Problem to work on:
Where the line containing "Mujer fue atacada" appears, start repeating, and continue exactly through the last line below, adding nothing. Include no pictures.

[Data for the task]

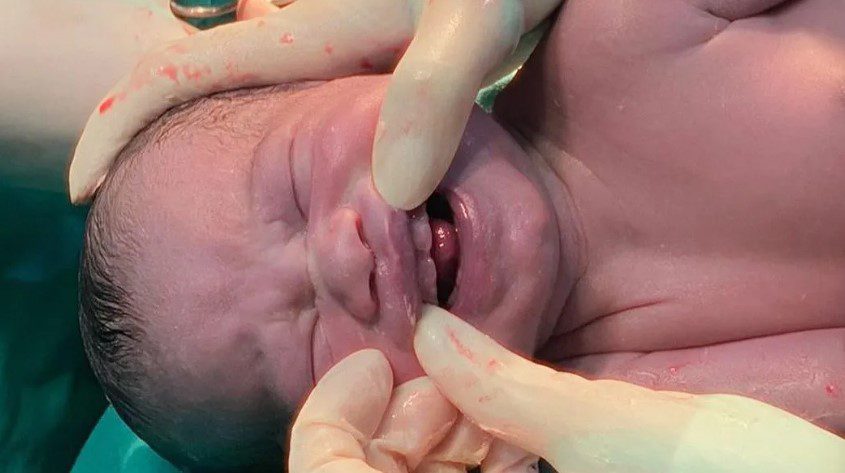 Bebê nasce com dentes e surpreende equipe médica bebê, dentes, equipe, médica, Brasil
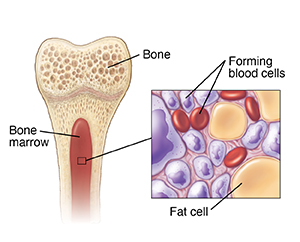 Cross-section of bone showing marrow and inset of blood components in marrow.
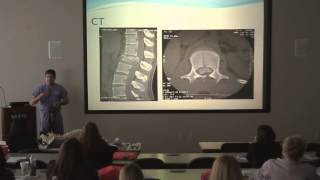 Northwest Indiana Back Specialist Explains CT Scan CAT Scan Spine Surgeon [upl. by Wenz]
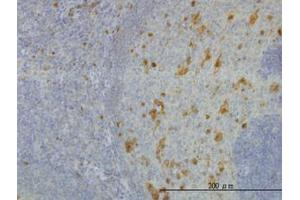 Image no. 4 for anti-Aldo-Keto Reductase Family 1, Member A1 (Aldehyde Reductase) (AKR1A1) (AA 1-326) antibody (ABIN599129) (AKR1A1 antibody  (AA 1-326))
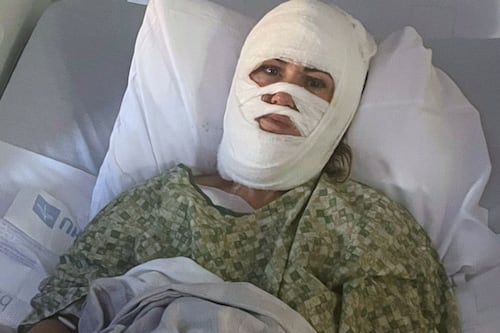 Mujer fue atacada con ácido por un hombre desconocido mientras caminaba por un parque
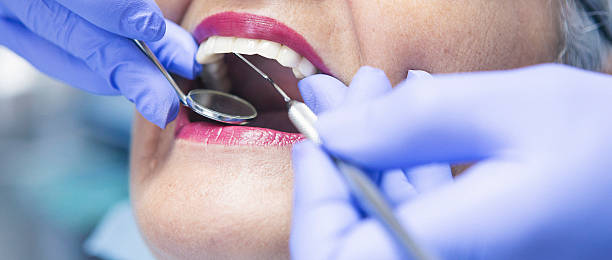 Best Chipped Tooth Repair Near Me  in Woodbourne, PA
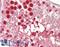 Zinc finger protein 198 antibody, LS-B12337, Lifespan Biosciences, Immunohistochemistry paraffin image 
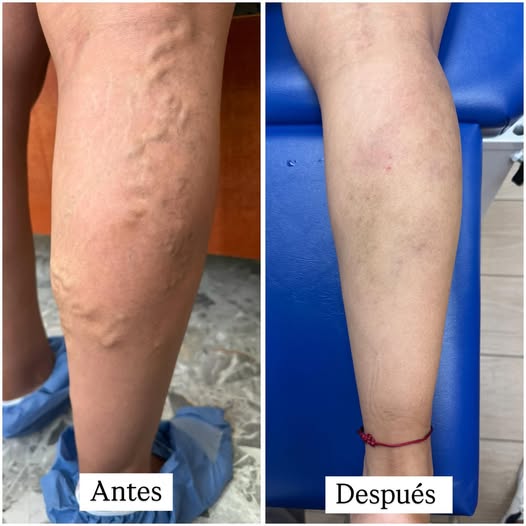 Calcetas Essenza de Compresión de 20-30mmHg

[/Data for the task]

Output of the task:
 Mujer fue atacada con ácido por un hombre desconocido mientras caminaba por un parque
 Best Chipped Tooth Repair Near Me  in Woodbourne, PA
 Zinc finger protein 198 antibody, LS-B12337, Lifespan Biosciences, Immunohistochemistry paraffin image 
 Calcetas Essenza de Compresión de 20-30mmHg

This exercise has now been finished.